# Documentation of UEFA EURO DATA 
## by Valentina Gruber

## 1 Introduction

This project uses a UEFA Euro 2024 dataset from FBref: https://fbref.com/en/comps/676/stats/UEFA-Euro-Stats.
FBref says it is a leading source for football analytics. It covers more than 20 competitions, including the big five European men’s leagues, the Champions League, World Cups, the Copa Libertadores, and top leagues in Brazil, Portugal, the Netherlands, the USA, and Mexico. It also covers the top women’s leagues in the USA, Germany, France, England, Italy, Spain, and Australia (https://fbref.com/en/about/).
FBref is a project of Sports Reference LLC, a US company that runs several major sports stats sites since 2000. This long track record suggests stable and trustworthy data (https://www.sports-reference.com/about.html).
FBref also works with Opta (https://www.sports-reference.com/blog/2022/10/fbref-leagues-%F0%9F%87%B5%F0%9F%87%B9-leagues-%F0%9F%87%A7%F0%9F%87%B7-leagues-%F0%9F%87%B2%F0%9F%87%BD-expanded-womens-and-mens-data-new-data-partner/).
Opta is a UK sports analytics company founded in 1996. Its data is known as independent, consistent, and accurate. It is used worldwide by coaches, players, journalists, broadcasters, brands, and sports apps (https://www.statsperform.com/opta-points/).

In this project I focus on Euro 2024 data. The dataset has 11 tables. Each table covers a different topic, such as goalkeeper stats, defensive actions, shooting, passing, and other match metrics.

The goal is to find player types without using the official position. I group players from their stats using probabilistic clustering.

I assume that different player types exist beyond classic positions like “striker” or “defender”. These types can be found by game metrics.

## 2 Data Loading

The data has 11 tables with 621 players and 219 columns.
When loading the data, many cells were empty. Some players only played a few minutes and have very few stats. On average, a player is missing about one third of all metrics.
There is also high correlation between several features. Some metrics appear in different units: per 90 minutes, totals, or percentages.

## 3 Data Preprocessing

I created a unique ID for each player. The ID uses the first two letters of the first name, position, country code, age, and year. I wrote code to detect duplicate IDs and fix them.

Merging: I joined the 11 tables into one master table using the ID. I removed duplicate columns, because each table had basic fields like age and team. I kept the other features, even if they used different units (percent, totals, per 90). The dataset was not too large, so this was acceptable.

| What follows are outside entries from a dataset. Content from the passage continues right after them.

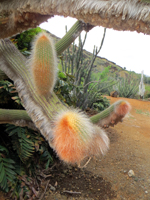 Fuzzy Orange Cactus at Koko Crater Botanical Garden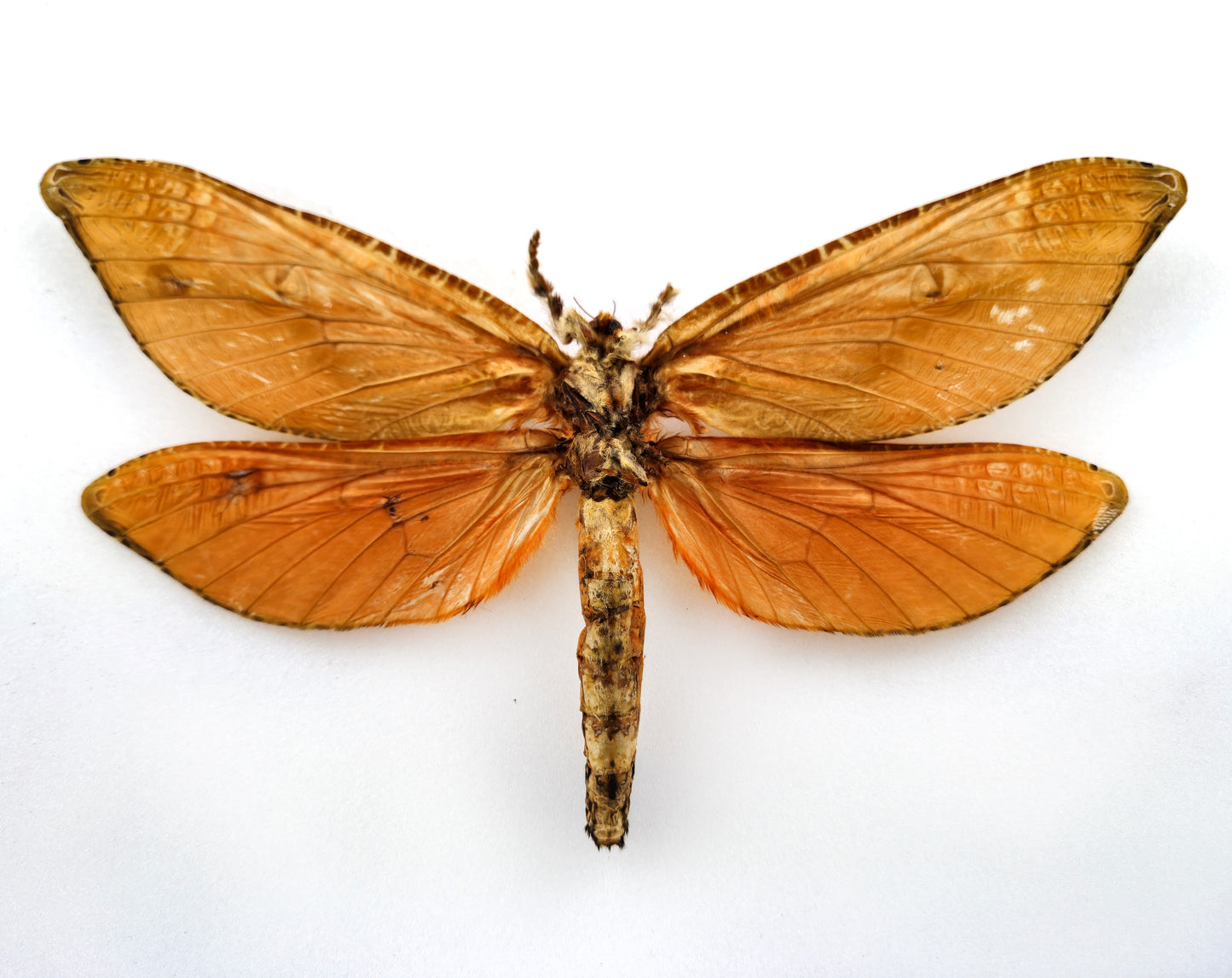 Zelotypia stacyi ♀ (Australia) XXL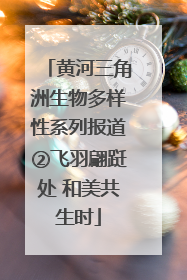 黄河三角洲生物多样性系列报道②飞羽翩跹处 和美共生时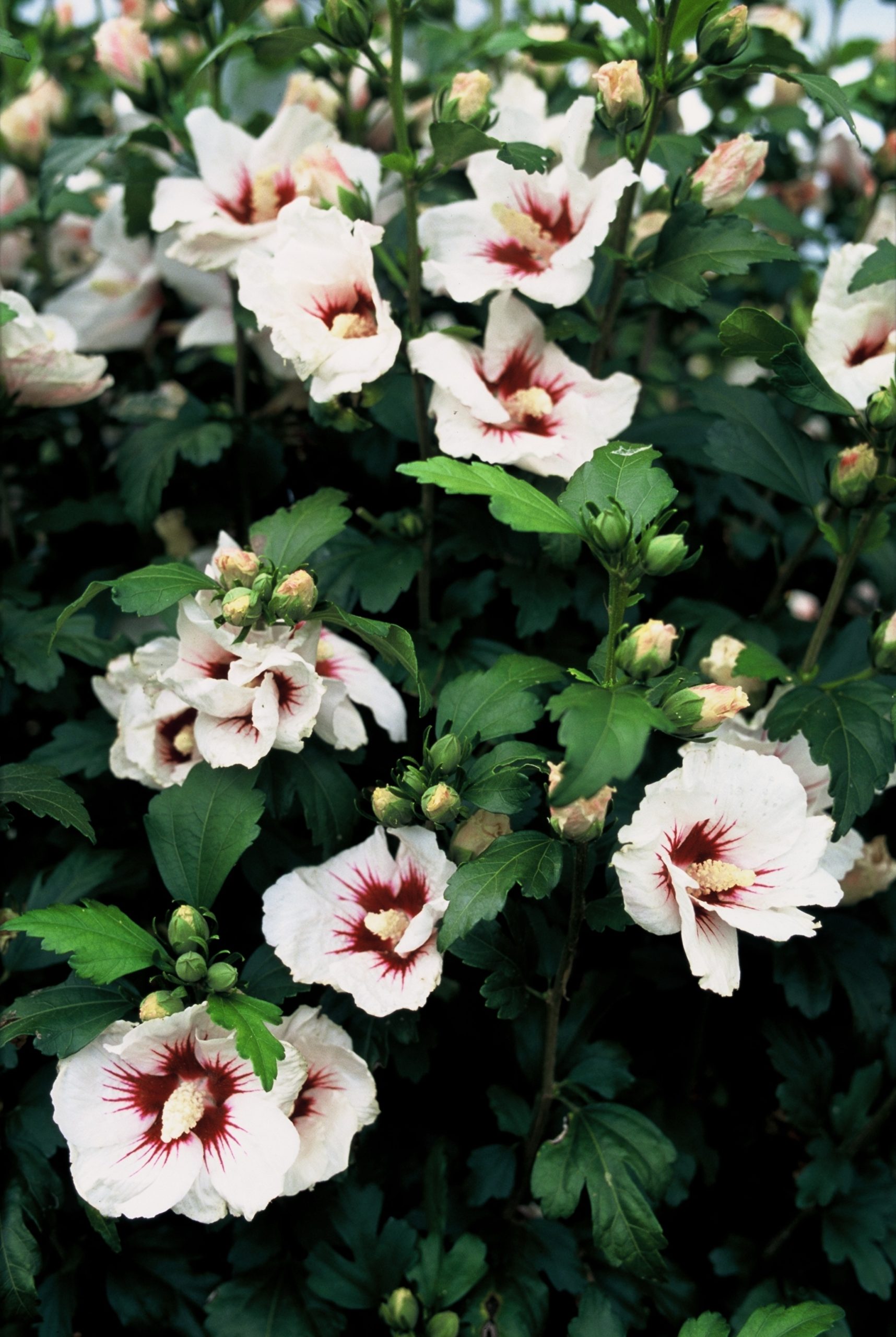 HISMONST Hibiscus syr. 'Monstrosus' – Image 1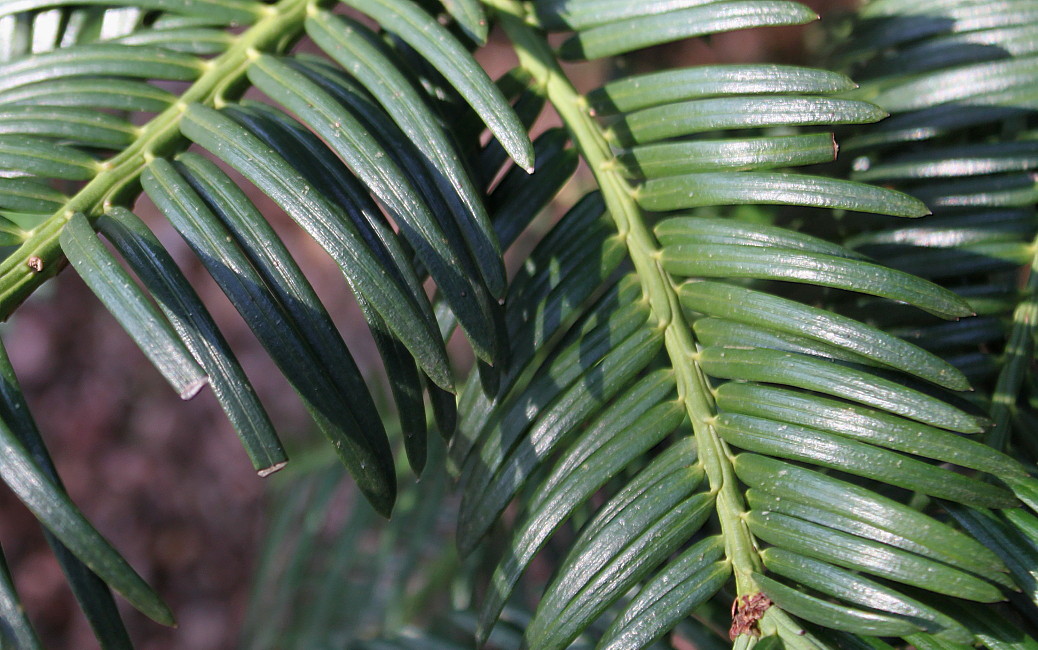 Image of Cephalotaxus harringtonia var. drupacea specimen.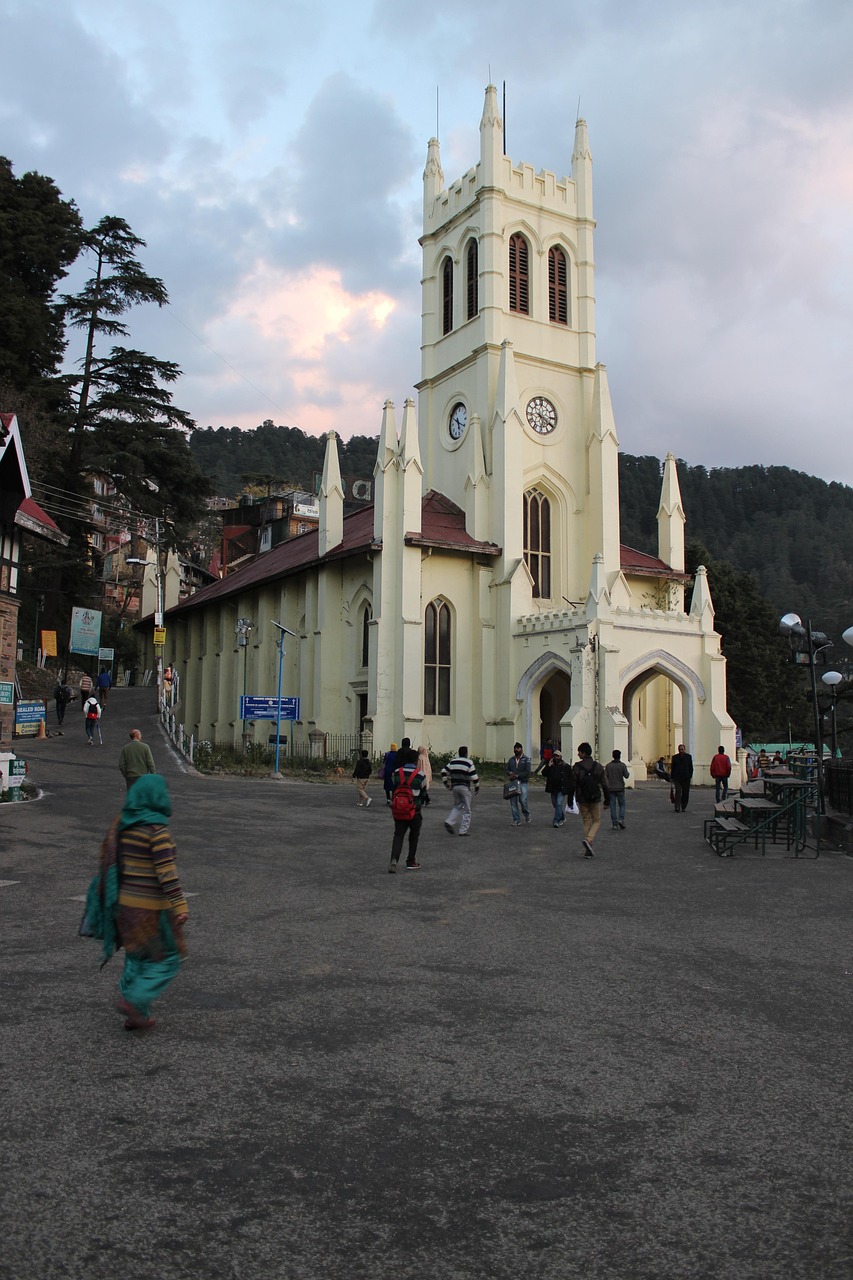Shimla mountain charm and pine horizons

Cleaning: I removed players with very little game time (see 01_cleaning.ipynb). Out of 621 players, 493 played at least once, and 359 played at least 90 minutes. All later analysis uses these 359 players.

## 4 Data Exploration

I did an initial exploration to understand the data. I looked at player strength and the age of top players. I used metrics like minutes, team performance while on the pitch, touches, goals, carries, tackles, and interceptions.  
Results looked plausible: players like Nuno Mendes, Joshua Kimmich, Toni Kroos, and Pepe appeared as top performers.  
I also ran a first K-Means clustering. I grouped features into four areas: Completion & Creativity, Passing & Build-up, Ball Control & Progression, and Defensive Behavior.  
The clusters made sense. Likely positions were visible even without using the position label. Known players matched clusters consistent with their play style.  

## 5 Probabilistic Modeling Approach

Next, I used a Gaussian Mixture Model (GMM). It is a probabilistic clustering method. It assumes the data comes from a mix of several normal distributions.
Unlike K-Means, GMM gives soft assignments. A player can belong to several clusters with different probabilities. GMM also allows flexible cluster shapes and gives probabilities that help with interpretation and uncertainty.

# 6 Model Training and Evaluation

I loaded player_stats_clean.csv. I set a minimum completeness of 70% and a maximum feature correlation of 0.90. I removed non-feature columns (name, position, team, nation, season, IDs) and “Unnamed” technical columns.  

I defined a starting feature list:  
offense per 90 (e.g., Gls/90, Ast/90, xG/90, Sh/90), chance creation (SCA90, GCA90, KP, PPA, 1/3, CrsPA, PrgP), progression and receiving (PrgC, PrgR), defense (Tkl, TklW, Int, Blocks, Clr, Won%, Aerials Won/Lost), possession/carries/take-ons (Touches, Att 3rd, Mid 3rd, Att Pen, Carries, Succ%, Mis, Dis), and efficiency (G/Sh, G/SoT, npxG/Sh).
I resolved alias names across tables. I also added all numeric /90 columns as candidates. The final feature set is the intersection of domain features, /90 columns, and numeric columns.

Quality checks removed columns with <70% completeness. I filled remaining missing values with the column median.  
The chosen features were: SCA90, GCA90, KP, PPA, 1/3, CrsPA, PrgP, Int, Clr, Touches, TeamSuccess+/-90, TeamSuccess(xG)xG+/-90, StandardSh/90, StandardSoT/90.  
Non-normalized features were converted to per-90.  

For GMM training I excluded players with >2 missing values in the selected features and imputed the rest with the mean. I removed low-variance features and highly correlated ones (|r| > 0.95). Then I standardized all features.  

Model selection: I trained GMMs for k = 2…10 and covariance types (full, tied, diag, spherical). I computed BIC for each and plotted the results.  
Validation: I ran 5-fold cross-validation with test log-likelihood. For each (k, covariance) I computed mean and standard deviation.  
BIC and K-Fold gave almost the same result (BIC: k=10, diag; K-Fold: k=9, diag). I chose k = 9, diag. It is simpler and reduces the risk of small unstable clusters.  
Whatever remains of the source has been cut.